To improve and your spouse as if Akramia Apr man in the world, and do not pay any attention to what you do and do not wait for him to a penalty not thankful, but just wait of God and the Ibhari God does not waste the reward of the best work. Outs ask for forgiveness and pray, and wait beyond the vulva.
I moved to Rehab .. Faith has stayed to pray for the following ... and diurnal and dried my tongue from asking for forgiveness and pray more and say: "God is enough and the agent."
You to my husband landline God it .. and I hope that when God does what he has, the best to him and he hurts .. dream whenever anger and forgive .. honor him and respect him and the best received by the commander of my kids to respect it and do it if you accept and kissing his head .. I'd call him a lot, a listen and ask God to protect him an asset to this house, which can not do without him .. and pray for a person heard whenever and wherever I accept the best to you and bring something of the greatest roughly between hearts and Alanha and compose them.
Approached him whatever he liked before the abandonment of food and drink and wear, so I Otzin him every night before a dream, like I'm the bride wed to her husband .. Between Perfume .. makeup .. accessories .. clothes Ojaddedha from time to time .. even though it - and I swear God on it - not even a lift to tip and even emigrated to bed .. but you're doing it to please God, and even when I'm not God falling short of his rights .. days passed and this is harsh with DAPI.
Whenever Tired or Despaired contacted Bsidikta Vthbtaatna and reminded me that even endure.
After a full year on the night reached the end of suffering and mental fatigue money bear to after the Sabra; contacted Bsidikta was crying, she said: If you accept the last third of the night some way to your carpet, and multiply by prayer and supplication and the neighborhood on God to pray and do not slander nor Taosa, then Astghafri God abundantly even hesitate ears dawn and Rdda: "God is enough and the agent."
I took Bnasianha and you that night that grew where originally from crying and tears, Antran in the hands of the Most Merciful and made proclaim: O FARGES as housewives in distress mercy Ngnini out for mercy from except you ... "and then put my head on the pillow and I was waiting for dawn and sat ask forgiveness from God and echo (God and yes, the agent).
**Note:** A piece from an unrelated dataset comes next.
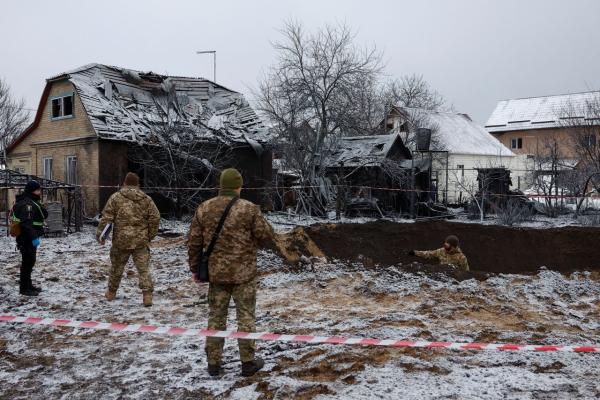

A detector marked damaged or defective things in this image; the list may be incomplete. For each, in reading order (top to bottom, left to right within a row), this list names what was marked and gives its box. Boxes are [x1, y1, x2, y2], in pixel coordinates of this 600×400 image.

burned roof [49, 65, 272, 146]
burned roof [486, 90, 600, 133]
burned roof [324, 133, 412, 167]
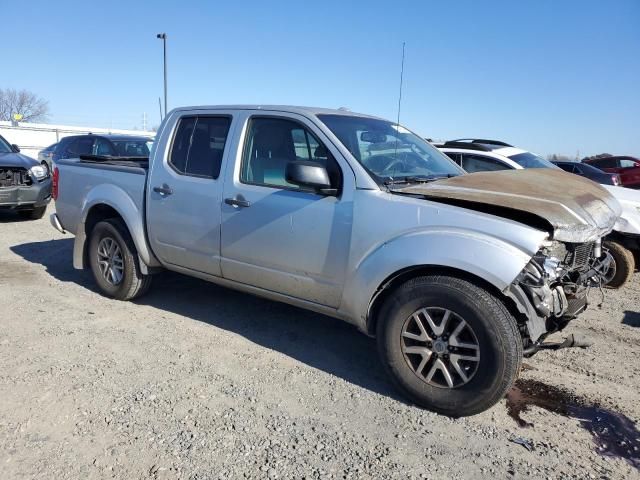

Then in the morning you have to promise them for my children to go to school. Then when they went I went to my room and I think my husband was asleep Vfujit him awake and sitting next to the fireplace, it fell to the back and came out and when he came out I heard his voice calling me "Hey, so and so," I turned to him, if that smile like a lobe moon, and that what I saw on his face full year. If it says: "Come to the sides."
I could not believe what my eyes saw and what I heard my ears, and I flew him Kasforh fired from the cage, and pounded Madrara tears of joy and God commended on what Faraj and Affey and returned to me as it was my husband.